Чичиков великодушно расплатился с портным и, оставшись один, стал рассматривать себя на досуге в зеркале, как артист с эстетическим чувством и con amore.[103] Оказалось, что все как-то было еще лучше, чем прежде: щечки интереснее, подбородок заманчивей, белые воротнички давали тон щеке, атласный синий галстук давал тон воротничкам; новомодные складки манишки давали тон галстуку, богатый бархатный <жилет> давал <тон> манишке, а фрак наваринского дыма с пламенем, блистая, как шелк, давал тон всему. Поворотился направо – хорошо! Поворотился налево – еще лучше! Перегиб такой, как у камергера или у такого господина, который так чешет по-французски, что перед ним сам француз ничего, который, даже и рассердясь, не срамит себя непристойно русским словом, даже и выбраниться не умеет на русском языке, а распечет французским диалектом. Деликатность такая! Он попробовал, склоня головку несколько набок, принять позу, как бы адресовался к даме средних лет и последнего просвещения: выходила просто картина. Художник, бери кисть и пиши! В удовольствии, он совершил тут же легкий прыжок, вроде антраша. Вздрогнул комод и шлепнулась на землю склянка с одеколоном; но это не причинило никакого помешательства. Он назвал, как и следовало, глупую склянку дурой и подумал: «К кому теперь прежде всего явиться? Всего лучше…»
Как вдруг в передней – вроде некоторого бряканья сапогов с шпорами и жандарм в полном вооружении, как <будто> в лице его было целое войско. «Приказано сей же час явиться к генерал-губернатору!» Чичиков так и обомлел.
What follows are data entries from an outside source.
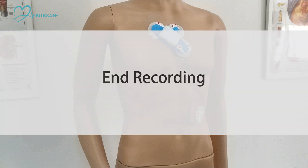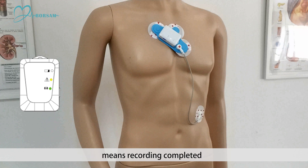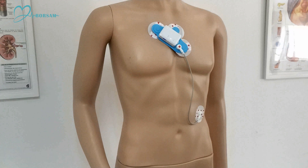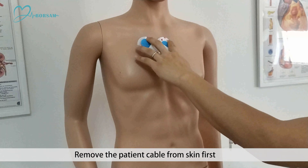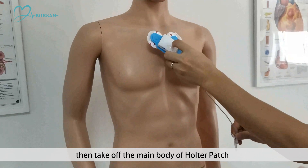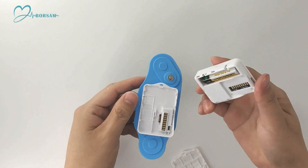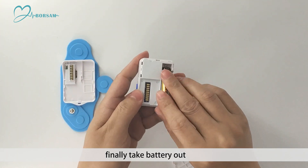End recording: when the yellow and green lights are on at the same time, it means recording is completed. Remove the patient cable from skin first, then take off the main body of the Holter patch. Finally, take the battery out.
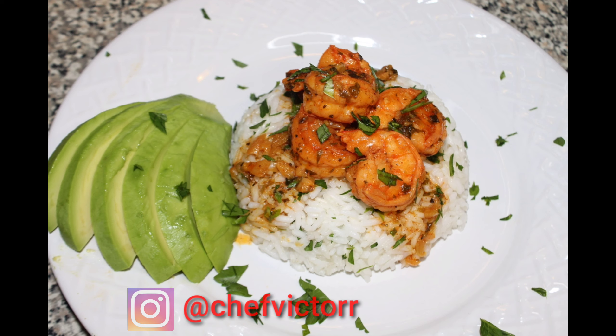And don't forget, we're going to add some avocado on top. There you go guys! Don't forget to follow me on Instagram, show some love, give me feedback on this video, and don't forget to like, subscribe, and share.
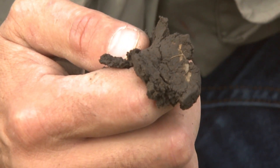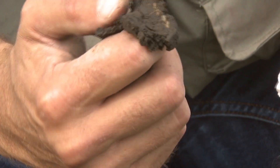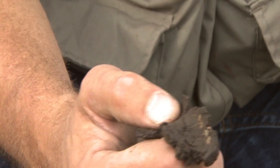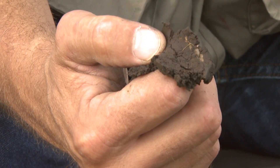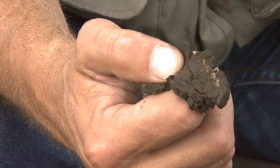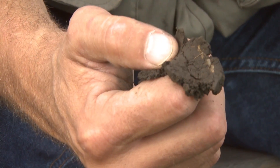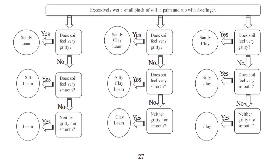The next question is: did it make a weak ribbon that's less than one inch long before breaking? You can see it's right at one inch, so I'm marking yes — it broke at less than one inch. The next step is to take an excessively wet small pinch of soil between the palms of your hands.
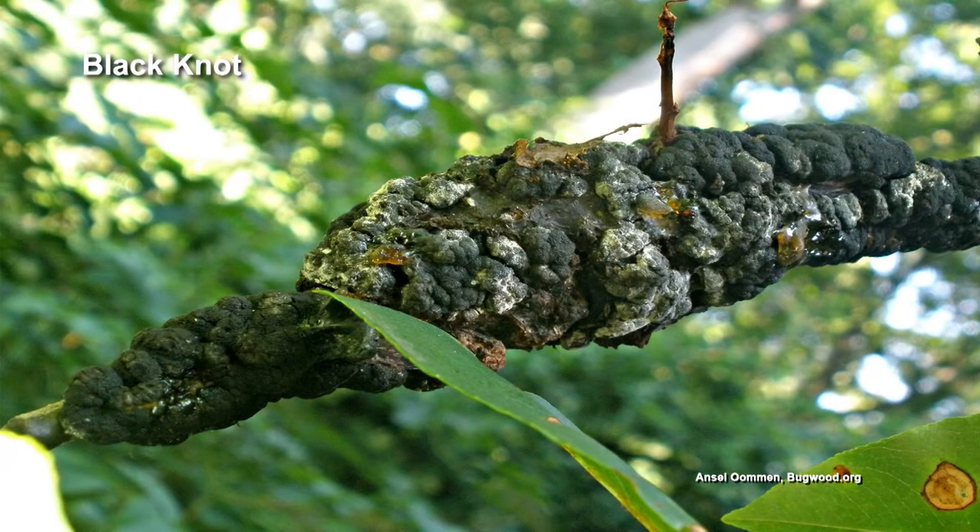She really wants to try to save that cherry tree. Great picture — we appreciate that picture first and foremost. So that is a fungus, right? It's black knot. Black knot, yeah, that's what it is. Black knot on there.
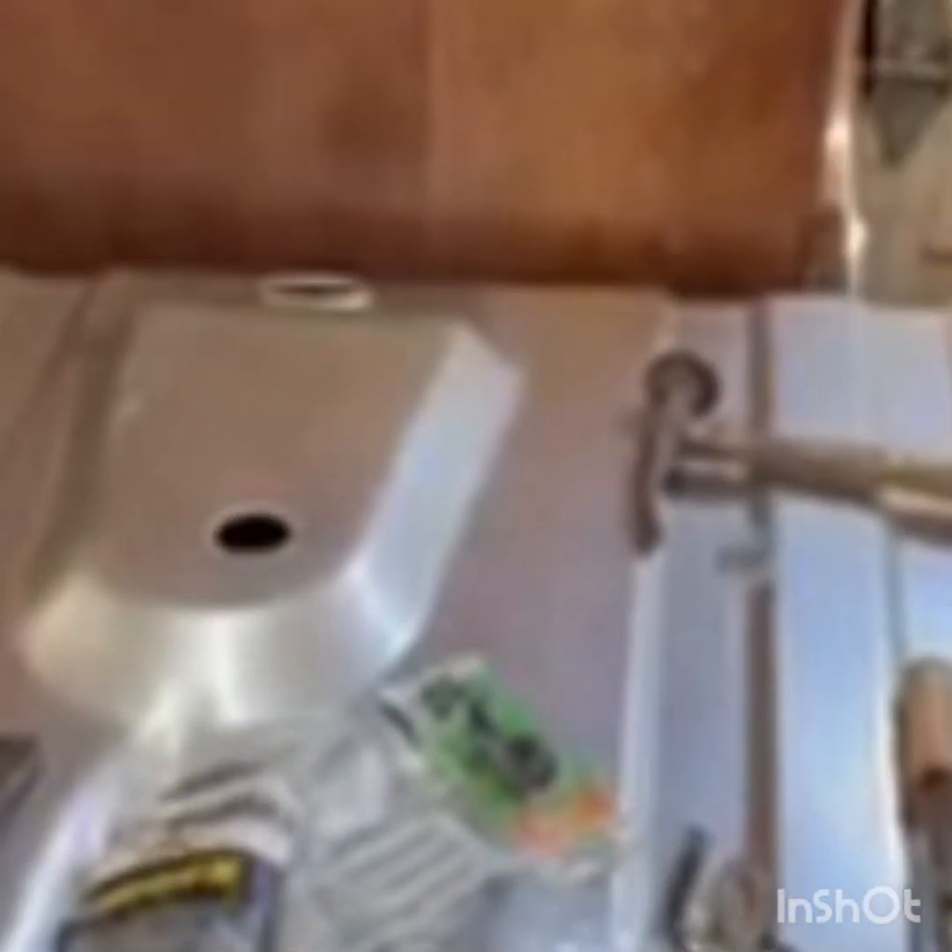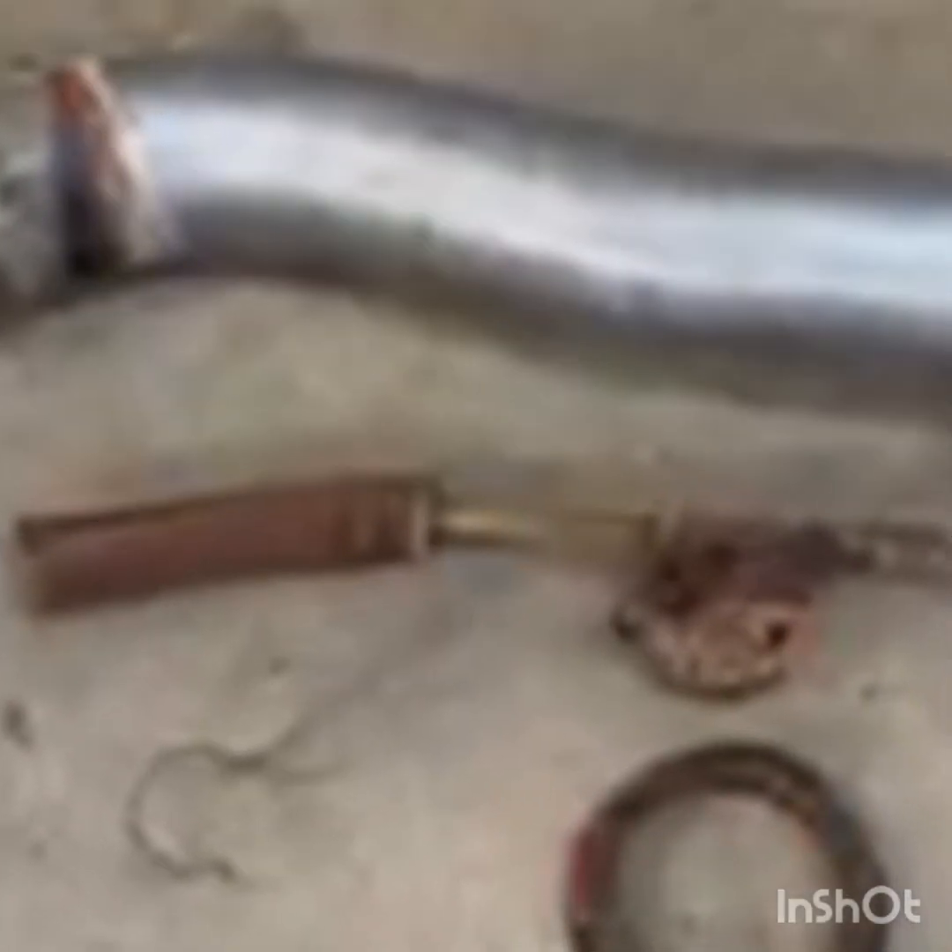We're back on the Lincoln Versailles trying to get this gas tank in. It's been an ordeal. The Lincoln's on the lift there. It's been on the lift for a month now because I couldn't find all the parts I needed. Things like this sending unit came in wrong. There's the junk that came out of it. You should have seen the gas tank.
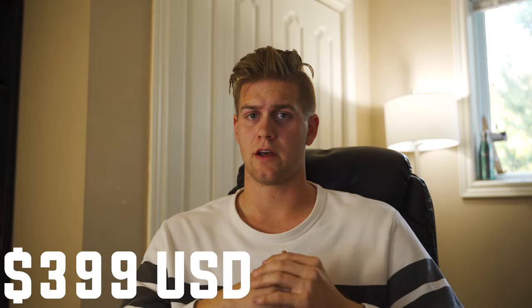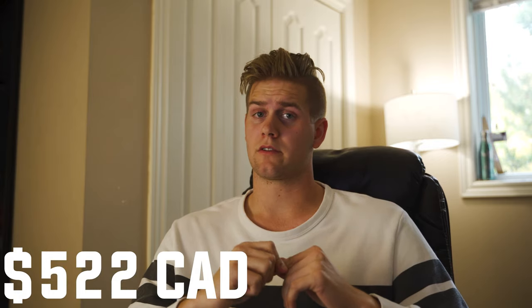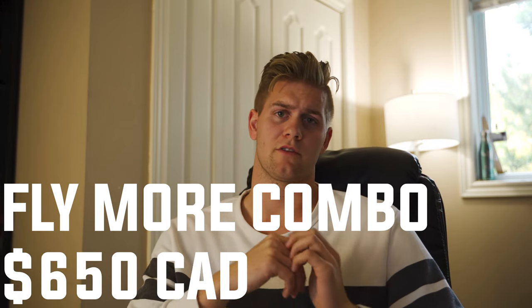DJI really nailed the point that this is not a Mavic Air, Mavic Pro, Zoom, or any kind of replacement. This is a beginner drone for people that want to get into it — not for professionals, unless you really need it for a specific situation. The price in the US is $399, which converted to Canadian on B&H is about $522. For the fly more combo, it's $499 US, which in Canada comes out to about $650.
Перед ним торчало страшилище с усами, лошадиный хвост на голове, через плечо перевязь, через другое перевязь, огромнейший палаш привешен к боку. Ему показалось, что при другом боку висело и ружье, и черт знает что: целое войско в одном только! Он начал было возражать, страшило грубо заговорило: «Приказано сей же час!» Сквозь дверь в переднюю он увидел, что там мелькало и другое страшило, взглянул в окошко – и экипаж. Что тут делать? Так, как был, в фраке наваринского пламени с дымом, должен был сесть и, дрожа всем телом, отправился к генерал-губернатору, и жандарм с ним.
В передней не дали даже и опомниться ему. «Ступайте! вас князь уже ждет», – сказал дежурный чиновник. Перед ним, как в тумане, мелькнула передняя с курьерами, принимавшими пакеты, потом зала, через которую он прошел, думая только: «Вот как схватит, да без суда, без всего, прямо в Сибирь!» Сердце его забилось с такой силою, с какой не бьется даже у наиревнивейшего любовника. Наконец растворилась пред ним дверь: предстал кабинет, с портфелями, шкафами и книгами, и князь гневный, как сам гнев.
– Губитель, губитель! – сказал Чичиков. – Он мою душу погубит, зарежет, как волк агнца!
– Я вас пощадил, я позволил вам остаться в городе, тогда как вам следовало бы в острог; а вы запятнали себя вновь бесчестнейшим мошенничеством, каким когда-либо запятнал себя человек.